At School and Day Care
- Take a different route than usual when dropping off or picking up your kids.
- "Inform your children's school of the situation and let them know who is allowed to pick up the children in your absence," says Adrienne Lamar-Snider, chief operations officer at a domestic violence intervention program in Los Angeles. Don't forget to remove your ex from the form that allows him to have lunch with the kids.
- If your child rides a bus, notify the driver or transportation department so they know not to release the child to anyone other than you. Be there when your child gets on and off the bus.
- Speak to your kids so they know they aren't to talk to your ex or leave school with him or anyone else. Discuss and prepare them for possible tricks an abuser might use. For example, Your mom told me to pick you up today; your mom is waiting in the car; or don't you still love Dad?
On the Job
- Vary your routines. Don't leave for work or come home at the same time every day. Take a different route if you can.
- Notify your employer of the situation. If you have a protection order, provide a copy.
- Ask about having your calls screened or have threatening calls transferred to security.
- Have Security escort you to your vehicle.
Away from Home
- If you have a restraining order, keep a copy with you at all times.
- Switch the days and routes you use to run errands. If you usually do your grocery shopping on Sunday morning, go on Thursday evening; if you always stop by the bank on Friday after work, go to a different branch on Saturday morning.
- "Visitation exchanges should always be done in a well-lit and populated location," says Lamar-Snider. Police departments are good, safe exchange places when dealing with an abusive person or if there is a restraining order in place, she adds.
- If your ex knows about any appointments you made before the relationship ended, reschedule.
Online and Technology
- Create a new e-mail account, if possible, so the abuser won't be able to contact you online. If you can't (or don't want to) change the address, change your password and set up a filter so messages from him are automatically sent to a separate folder or deleted.
- Change passwords and block him on Facebook, Twitter, and other social media sites. Set your page to private. Be careful who you friend or follow, as some exes will create a fake identity or have friends harass and spy on you.
- Have your computer checked by a professional or a tech-savvy friend to make sure your ex didn't install monitoring software.
- Some abusers install software on their partner's cell phone so they're able to track her location. Turn off GPS and have your phone checked.
- Change all debit card PINs and online banking passwords.
- "Close any joint accounts to stop them from being abused by the other party," says Denise Winston, author of Money Starts Here! Your Practical Guide to Survive and Thrive in Any Economy. If your ex overdraws the account or bounces checks, it could affect your credit if the account is also in your name.

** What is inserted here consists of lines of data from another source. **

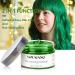 Temporary Green Hair Color Wax for Men & Women | Styling Pomade for Parties Cosplay & Halloween - 4.23 oz - Buy Online on GoSupps.com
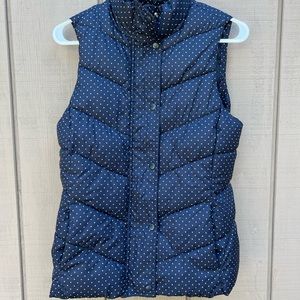 GAP puffy vest
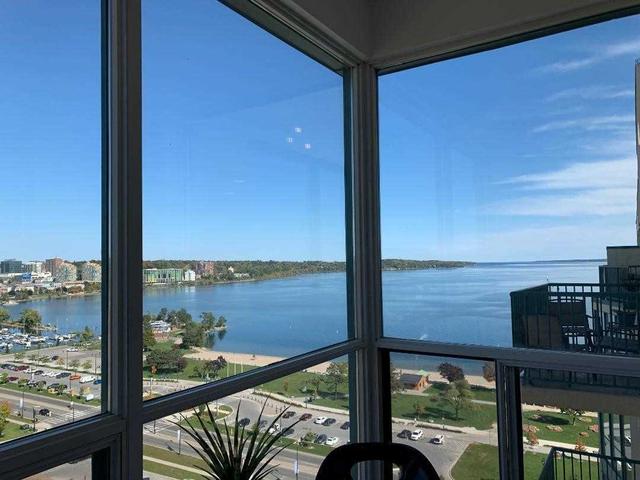 1507 - 65 Ellen St, Condo with 2 bedrooms, 2 bathrooms and 1 parking in Barrie ON | Image 12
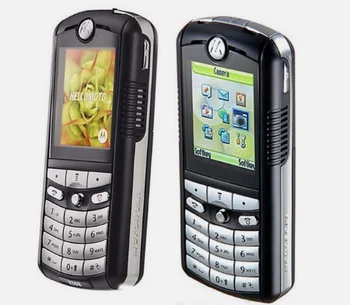 Оригинальный Motorola E398 Восстановленный Разблокированный 1,9 дюйма Дешевая Мини-SIM-карта хорошего качества Быстрая доставка Бесплатная доставка Арабский Русский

- Check your credit report to make sure the abuser hasn't secured credit in your name. It may be a good idea to place a fraud alert on your file so creditors have to contact you to verify your identity before issuing new credit or making changes on existing accounts.
- "Set up text and e-mail alerts on all bank accounts, credit cards, and loans so you're informed of every transaction," Winston says.
- Update insurance plans and your will if your ex was listed as the beneficiary.